An average dog knows more about loyalty than the most extraordinary human. Got home to see our beautiful airedale listless and stumbling. He came to me. We brought him inside. I lay down and he lay down next to me, just happy to be near his human.
He was cold. Listless, stumbling... but he was cold. Everything I could think of that would cause his symptoms came with a fever, or involved a slow deterioration. I guessed hypothermia. Beast wasn't a bright dog in a lot of ways and had brought himself to near-hypothermia several times by getting stuck under the porch. It wasn't that cold out... but it was all I could think of.
I didn't think shock. He wasn't dehydrated. He wasn't bleeding. His abdomen wasn't swollen or tender or rigid. He wasn't sweating (I know, dogs don't sweat, just used to humans). His breath wasn't shallow or rapid, it alternated between normal and very deep.

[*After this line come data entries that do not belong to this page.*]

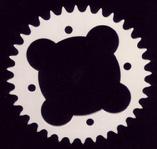ATV Sprockets atvridres.com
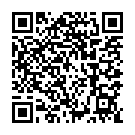 Barcode/RIDu_e2644653-24b4-11eb-9a04-f7ad7b637e4e.png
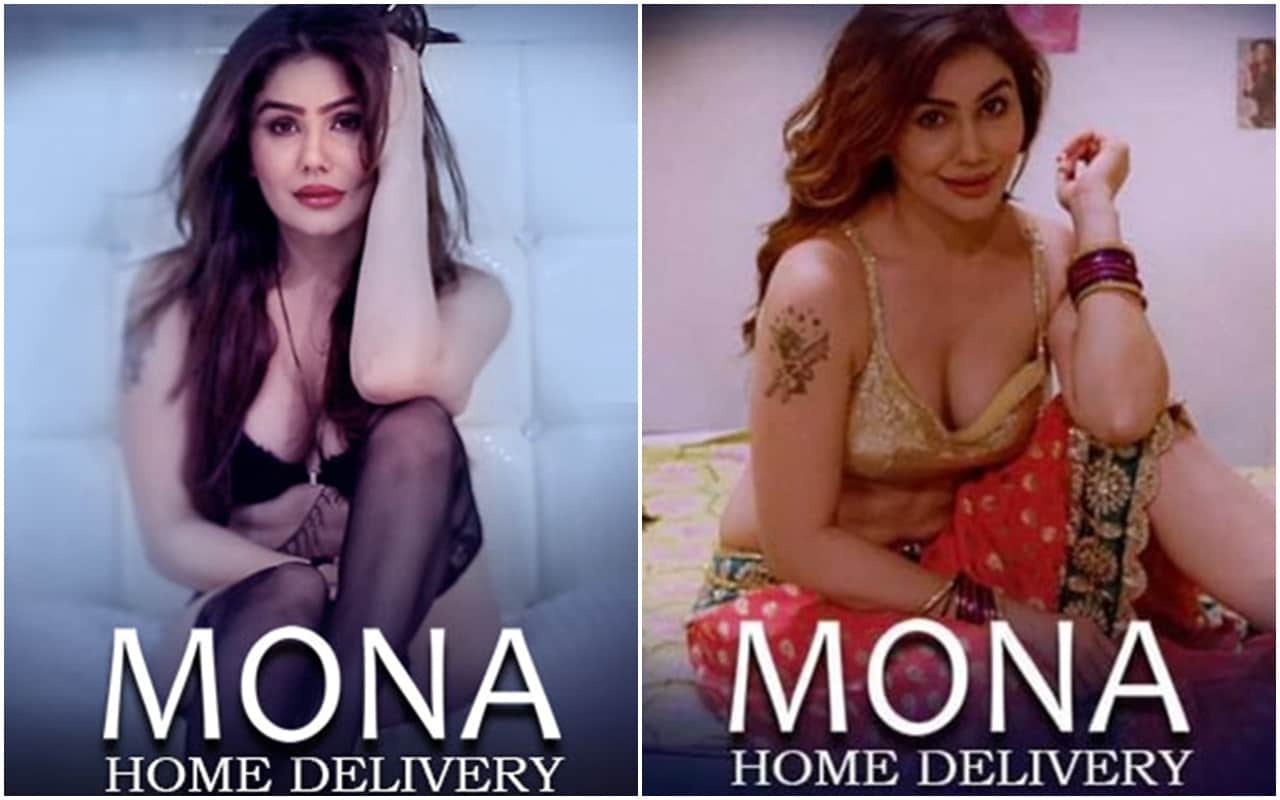 These Actresses like Lolita Bhabhi Radhika Apte Never Shy Giving Erotic And Adult scene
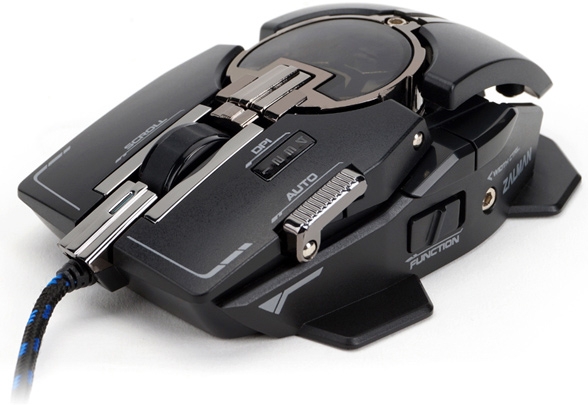 Zalman Tech начала процедуру банкротства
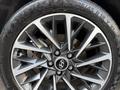 Hyundai Sonata 2022 года за 12 500 000 тг. в Шымкент – фото 19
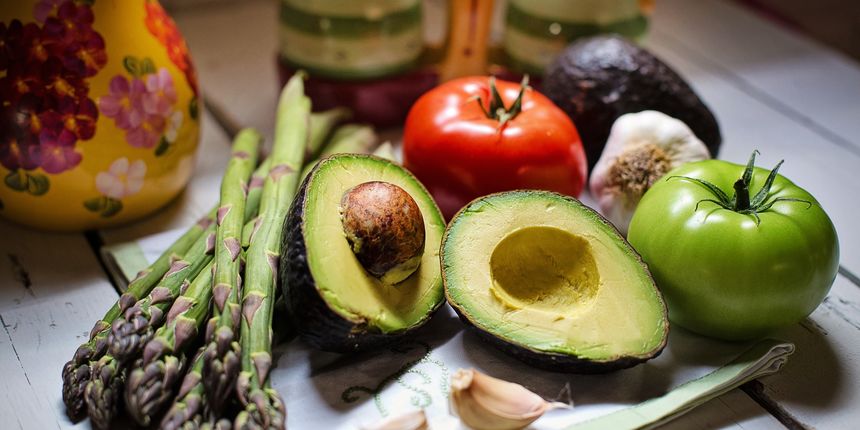 Ne planiramo unaprijed pa jedemo nekvalitetno. Hladnjak bi uvijek trebao biti pun povrća koje ćemo pripremiti za večeru.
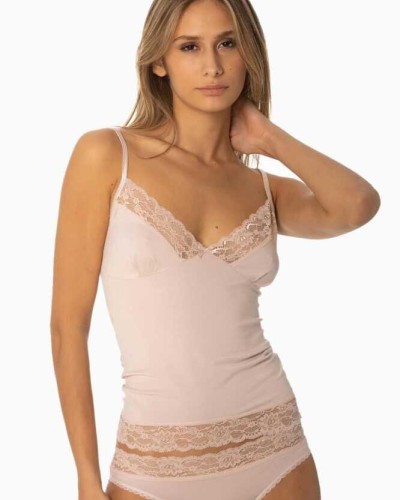 Pierre Cardin Kaşkorse Penye Çeyizlik Atlet Külot Tk 365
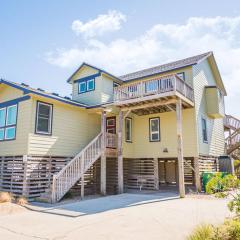 The Cat's Meow - C7800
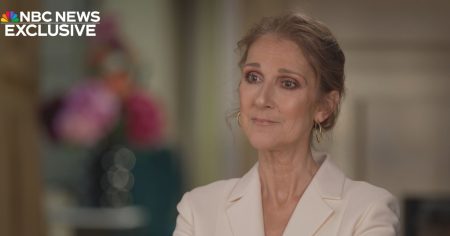 celine dion sitdown 2fa197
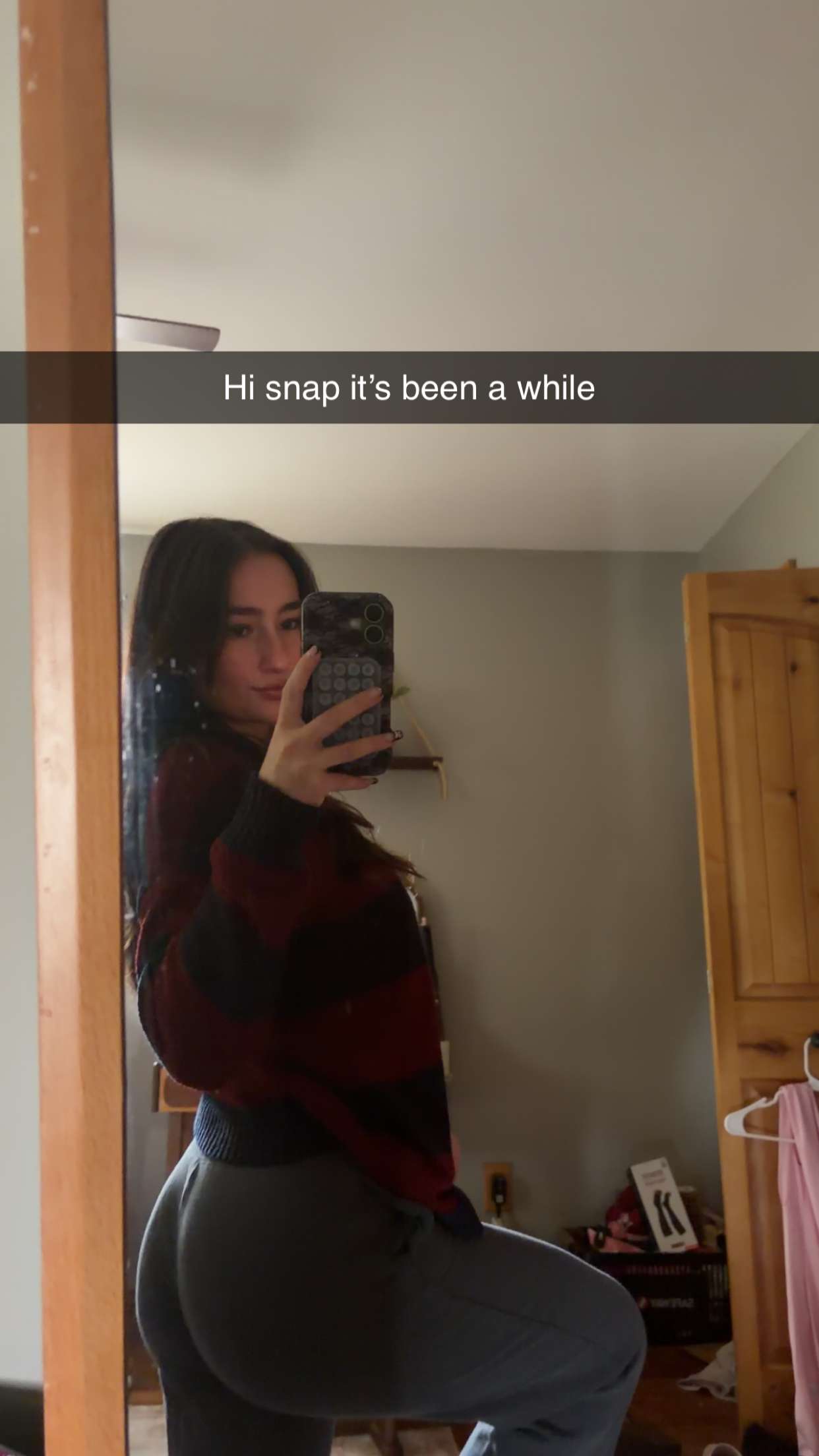 Devon Shae nude photo 2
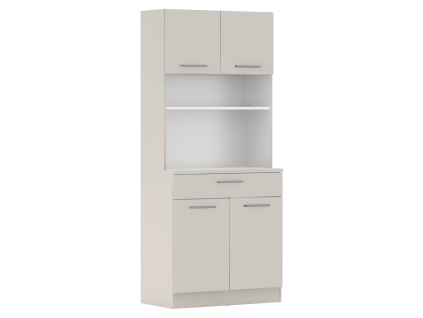 domis new kredenc kasmir q 01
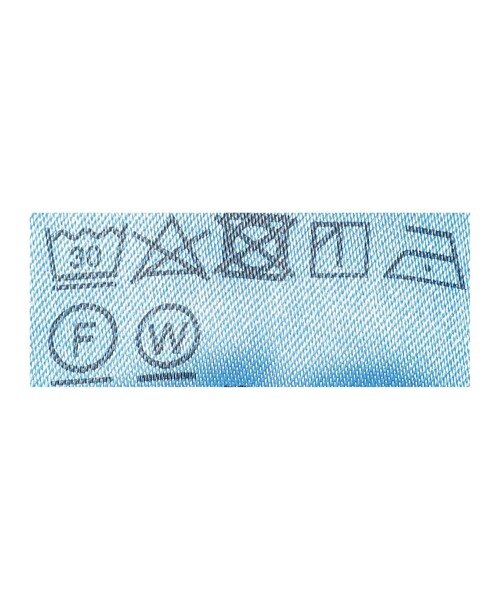 Yonetomi(ヨネトミ)の「Yonetomi / ガーメントダイ ボーダー Tシャツ(Tシャツ/カットソー・メンズ・ブラウン/オレンジ/ライトブラウン/ネイビー・1/2/3)」の18枚目の写真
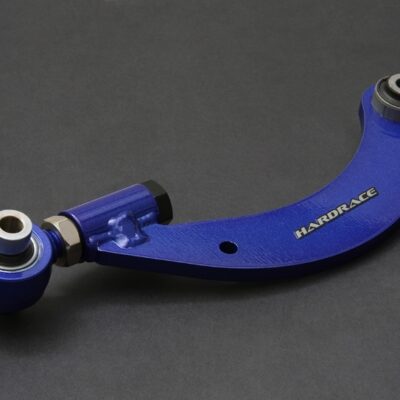 8704e38b40a44597c22510b62029121e412006c6_2014271145711R4R57KJ.jpg Camber Kit Traseiro Superior Lexus CT, Scion TC, Toyota Zelas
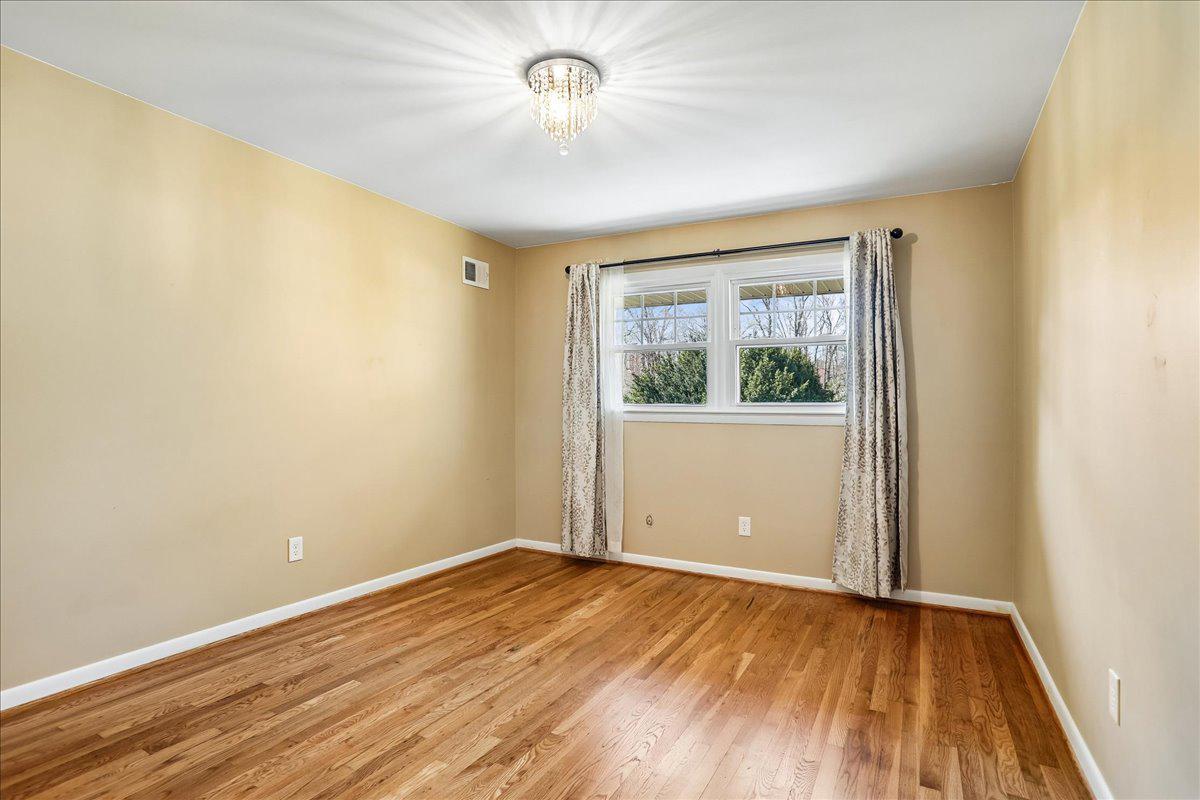 CANDLEWOOD PARK - Residential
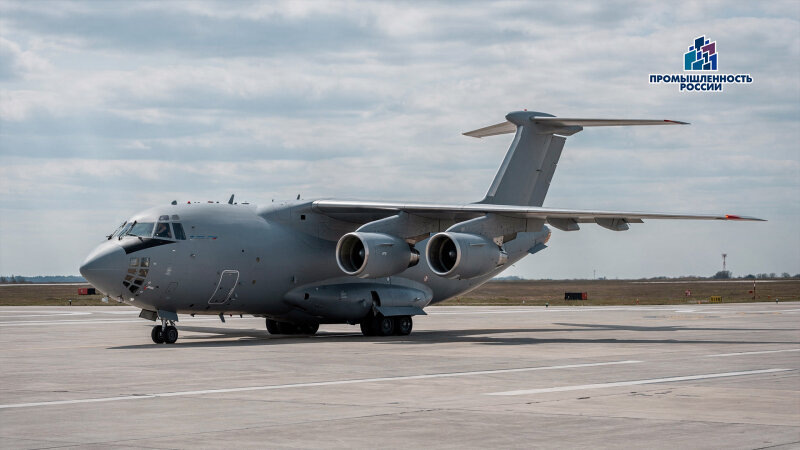    Создано в дизайн-студии "АСП"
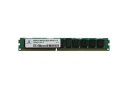 Adamanta-DDR3-4GB-1333-ECC-REG-1.jpg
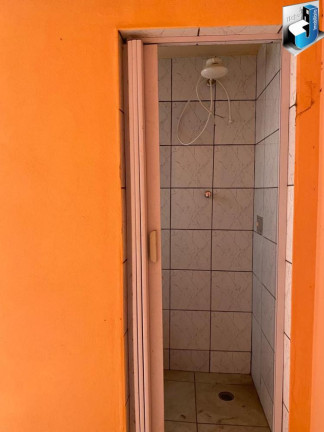 Imagem Casa com 2 Quartos à Venda, 69 m² em Jardim Rosa Garcia - Tatuí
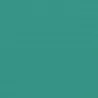 Sunbrella Awning- Aquamarine - Sunbrella Awning- Aquamarine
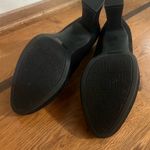 Unisa Black Pumps  Photo 3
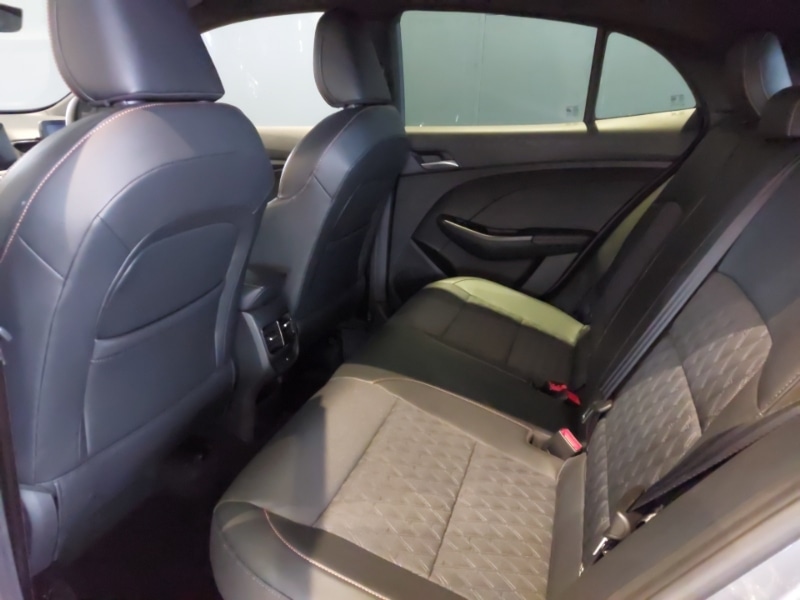 Used MG MG3 2024 for sale - 76589236: Photo 6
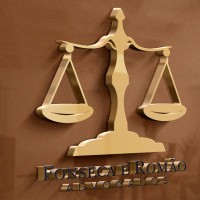 Fonseca e Romão Advogados logo - Similar company to Nb Advogados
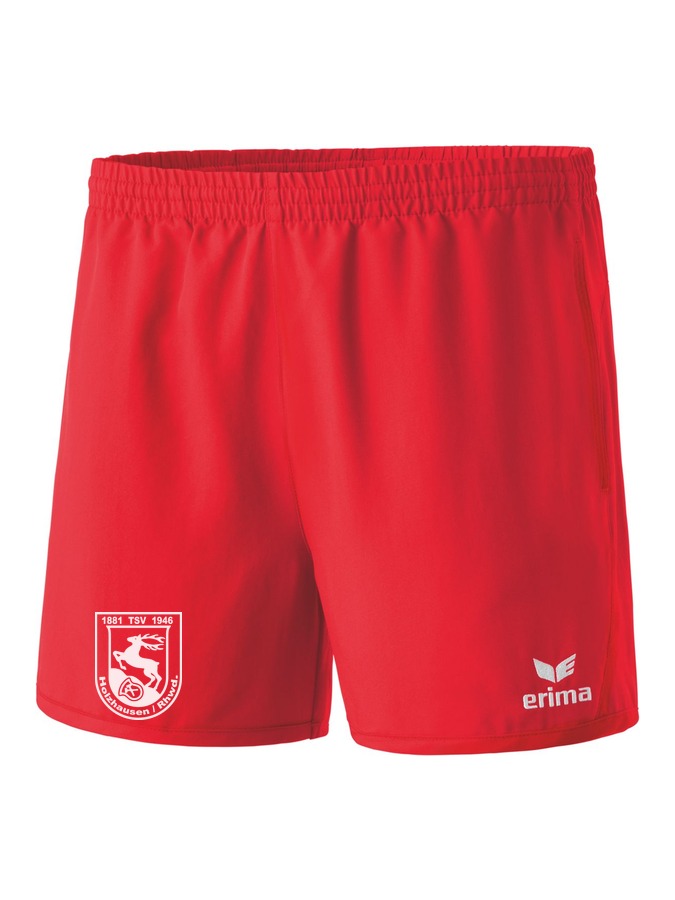 Erima Club 1900 Shorts Damen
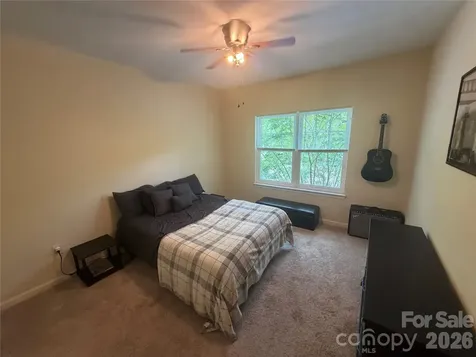 900 Vista Lake Drive Candler NC 28715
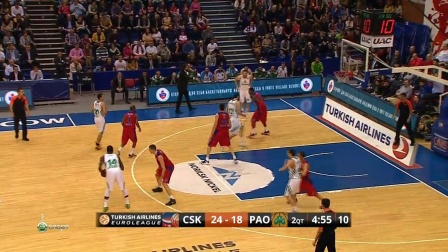 争的内驱力 争的内驱力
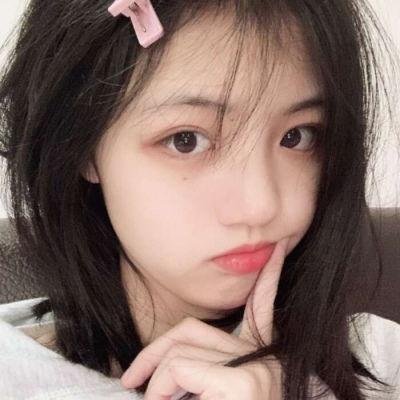 舒适的麻木
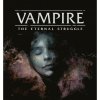 Black Chantry - Vampire: The Eternal Struggle TCG - 5th Edition box - Starter Kit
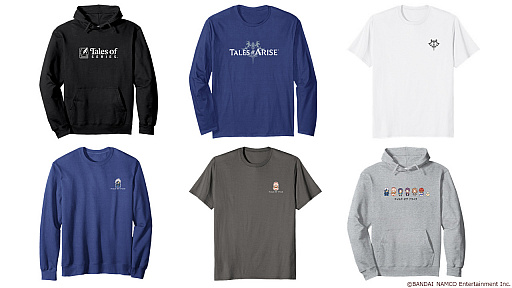 ꡼ No.001Υͥ / ֥ƥ륺 ֡ץ꡼TĤȥ졼ʡMerch by Amazon䳫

I couldn't figure it out and decided that it could wait for morning, for our regular vet. If it was hypothermia, he would be fine in the morning. Other than shock, there isn't a lot of intersection between "Things that will kill you quick" and "things the vet can do something about".
Then Beast collapsed. We made the run in to the 24-hour clinic late on a Sunday after an exhausting weekend. He didn't survive surgery. I called it wrong. It was shock. Cancer on the spleen, bleeding into the abdominal cavity. Bringing him in immediately might have changed nothing, but I'll never know. So I own this one, this death. A good, loyal, brave friend. Not that smart. And four legged, but I didn't mind.
Cold and wet digging a grave this morning. Didn't notice at the time. Digging gives you some time to think.